Disadvantages of amalgamation of public sector banks on their employees

  • The merger of public sector banks will create an excess workforce, which may consecutively lead to early VRS (maybe forcefully).
  • It may also stop further hiring or recruiting people curtailing employment opportunities. And chances of Career Progression in form of Promotions may hamper.
  • It may result in the closure of many bank branches, administrative offices, and ATMs. This may result in relocation of Staffs.
  • It could ignite clashes between MDs (Managing Directors), EDs (Executive Directors), and GMs (General Managers). Senior executives in sync are vital while incorporating the works, plans and services.
  • Because of different banking nature, banks don’t share the same culture, systems, and procedures. This may also lead to clashes. Perhaps large banks may not treat the smaller banks employee equally. This could affect employees’ promotion. Furthermore, there may be possible grounds that out of hatred they could transfer the employees to far-flung places. This may create an unhealthy working environment in the workplace.
  • Public Sector Bank Mergers may also bring down the number of posts at the top-level executives (MDs, EDs, and GMs).
  • The merger of a weak bank to a stronger one will also affect the efficacy of the stronger bank. The losses incurred by the weak banks may wipe-out the profits earned by these strong banks.


Here is how Customer’s are likely to be impacted by this move:

Almost every other individual who has a savings account or fixed deposit with a public sector bank is likely to be impacted.


  • Get ready to change the cheque books as the various banks get merged. While the existing cheque books may remain valid for some time, but ultimately they may be replaced with the cheque books of the merged entity.
  • Customer’s would have given their bank account numbers and IFSC codes for various financial transactions like auto credit of dividends via ECS, auto-credit of salary, auto debit of systematic investment plans (SIPs) in mutual funds and various bills/charges etc. After these accounts are seamlessly merged into the financial system of the new merged bank, Customer may be required to change the details of their bank given for these purposes.
  • Credit/debit cards issued by the merging banks may have to be exchanged for those of the merged entity although the former are likely to remain valid for the interim period to ensure no disruption in services. But after these accounts are seamlessly merged into the financial system of the new merged bank, Customer may be required to change their Credit/debit cards as well.
  • Paperwork and keeping financial trail of fixed deposits made will increase a bit as these will be transferred into the merged bank.
  • It is, however, not clear what will happen to the interest rates of those who have loans running with these banks as the MCLR rates are different for different banks.


Mergers or amalgamations are important for the consolidation and expansion purposes, They are also crucial for Economy as they are most of the times successful in saving weak banks which fail in meeting expectations. As per studies conducted, most of the mergers done in the past have proved to be an overall success for the weaker banks although there are no concrete parameters to verify this observation. Hence going by the track record merger and acquisition in Indian banking have been fruitful for the Indian Economy. But Merger also creates variety of problems which can cause great damage if the process of merger is not executed properly.

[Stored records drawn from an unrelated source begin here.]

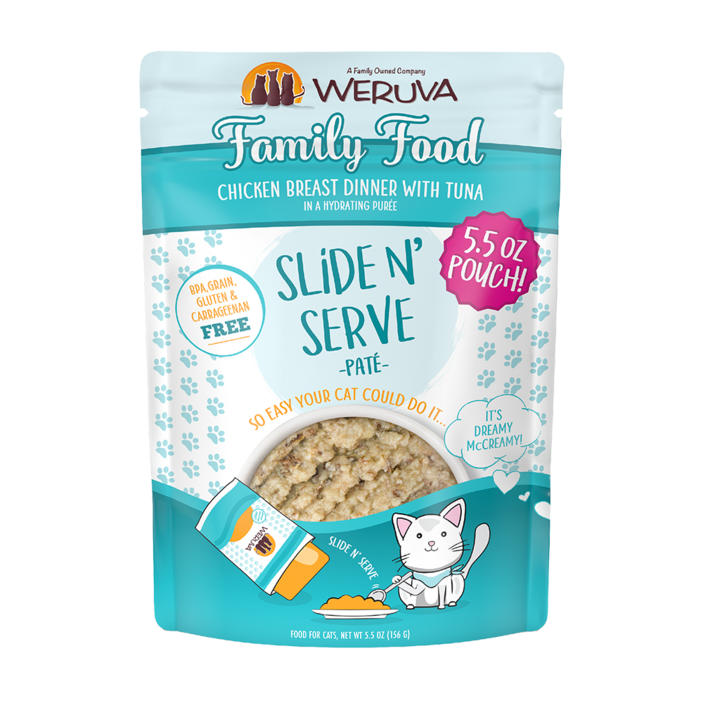 웨루바 고양이 클래식 파테 파우치 패밀리 푸드 80g 12P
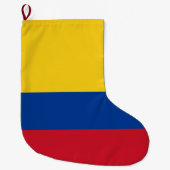 Colombiaanse vlag grote kerstsok (Voorkant)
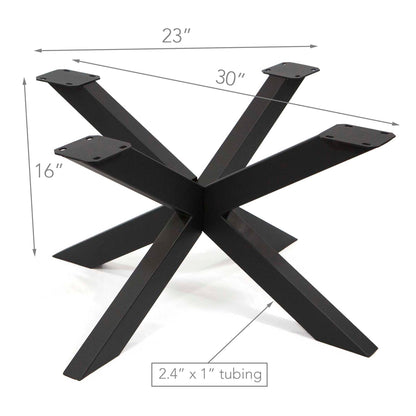 extra wide starburst round coffee table base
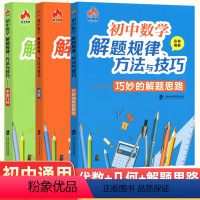 全套(3本) 初中通用 [正版]初中数学解题规律方法与技巧彭林 初一初二初三平面几何代数巧妙的解题思路 七八九年级数学思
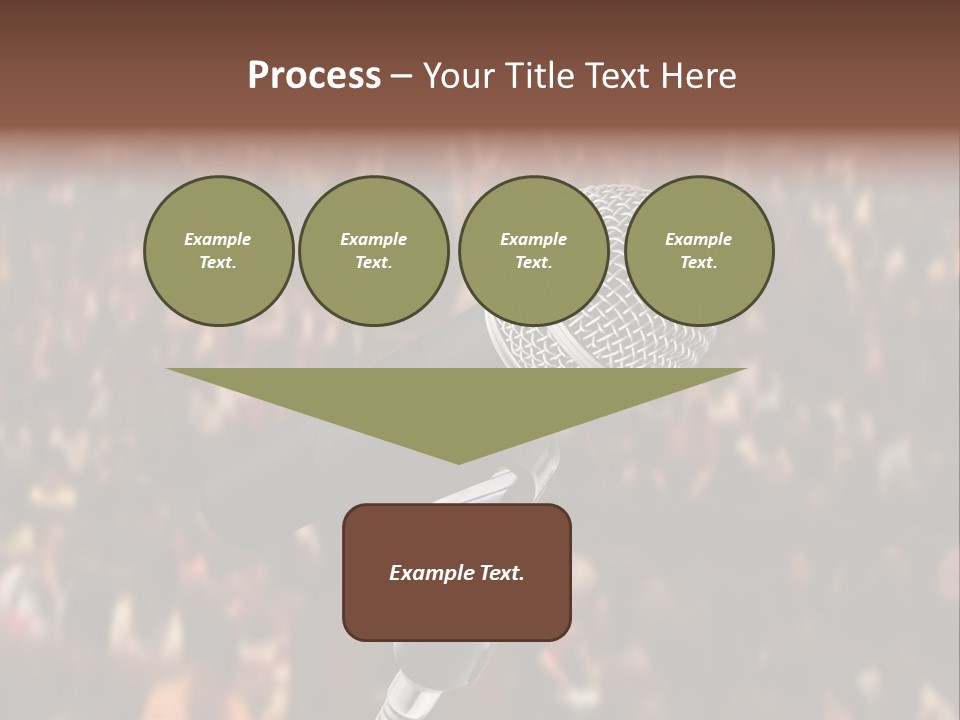 White Screen Hall PowerPoint Template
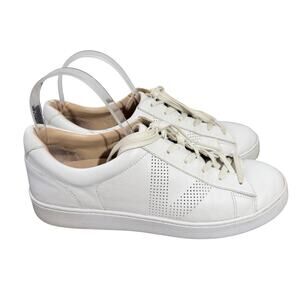 Vionic Shoes Womens Size 9 Leather Lace Up Casual Comfort Sneakers Honey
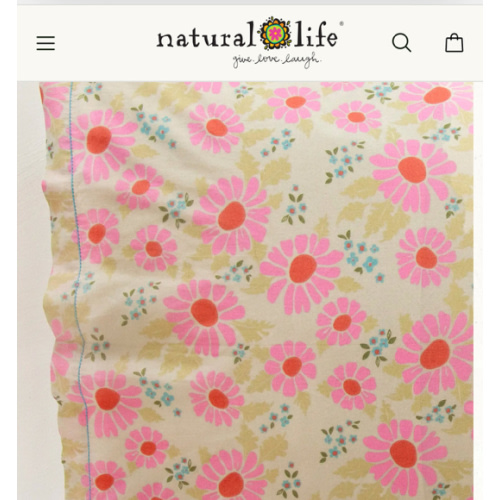 Mix & Match Cotton Pillowcase, Single - Vintage Zinnia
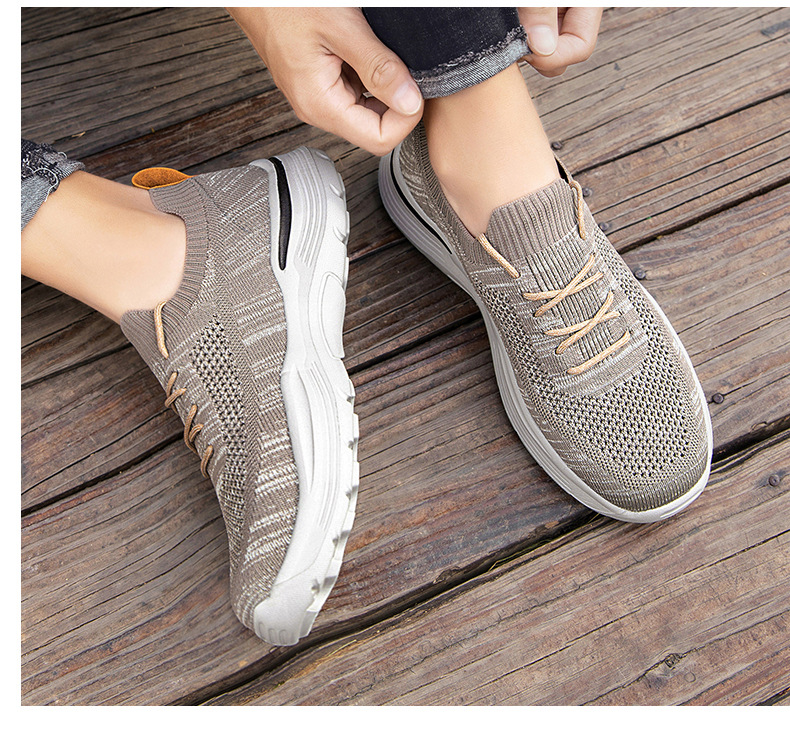 S-brand Similar Fly-knit Sneakers, Spring/summer Thick-soled Breathable Men's Walking Slip-on Shoes, In-stock Wholesale,_vogvips.com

So, the point is that Amalgamation should be carried out with the utmost care and executed in a manner which leads to an environment of Trust and agreement between all the organizations. If these things are taken properly, and if people, work culture and vision are blended together nicely, merger may definitely have synergic effects it can create a win-win situation. Otherwise consequences can be damaging.

Amalgamation had already taken place. Soon the Time will tell us, whether the Amalgamation of Public Sector Banks in India proves to be Boon or Bane?